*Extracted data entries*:
§

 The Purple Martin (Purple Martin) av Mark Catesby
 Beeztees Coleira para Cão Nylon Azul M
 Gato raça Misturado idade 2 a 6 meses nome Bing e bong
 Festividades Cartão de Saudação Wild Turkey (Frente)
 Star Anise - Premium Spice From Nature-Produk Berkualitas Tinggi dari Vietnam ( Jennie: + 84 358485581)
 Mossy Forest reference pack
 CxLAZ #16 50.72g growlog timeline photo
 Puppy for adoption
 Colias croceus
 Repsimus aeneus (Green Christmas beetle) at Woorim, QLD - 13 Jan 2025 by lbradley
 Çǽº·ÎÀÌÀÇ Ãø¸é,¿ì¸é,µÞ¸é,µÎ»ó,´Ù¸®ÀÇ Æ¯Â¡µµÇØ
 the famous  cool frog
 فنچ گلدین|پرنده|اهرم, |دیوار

§

*AIM OF THE EXERCISE*: Write the records out once more, word for word.

*SOLUTION TO THIS PROBLEM*:
 The Purple Martin (Purple Martin) av Mark Catesby
 Beeztees Coleira para Cão Nylon Azul M
 Gato raça Misturado idade 2 a 6 meses nome Bing e bong
 Festividades Cartão de Saudação Wild Turkey (Frente)
 Star Anise - Premium Spice From Nature-Produk Berkualitas Tinggi dari Vietnam ( Jennie: + 84 358485581)
 Mossy Forest reference pack
 CxLAZ #16 50.72g growlog timeline photo
 Puppy for adoption
 Colias croceus
 Repsimus aeneus (Green Christmas beetle) at Woorim, QLD - 13 Jan 2025 by lbradley
 Çǽº·ÎÀÌÀÇ Ãø¸é,¿ì¸é,µÞ¸é,µÎ»ó,´Ù¸®ÀÇ Æ¯Â¡µµÇØ
 the famous  cool frog
 فنچ گلدین|پرنده|اهرم, |دیوار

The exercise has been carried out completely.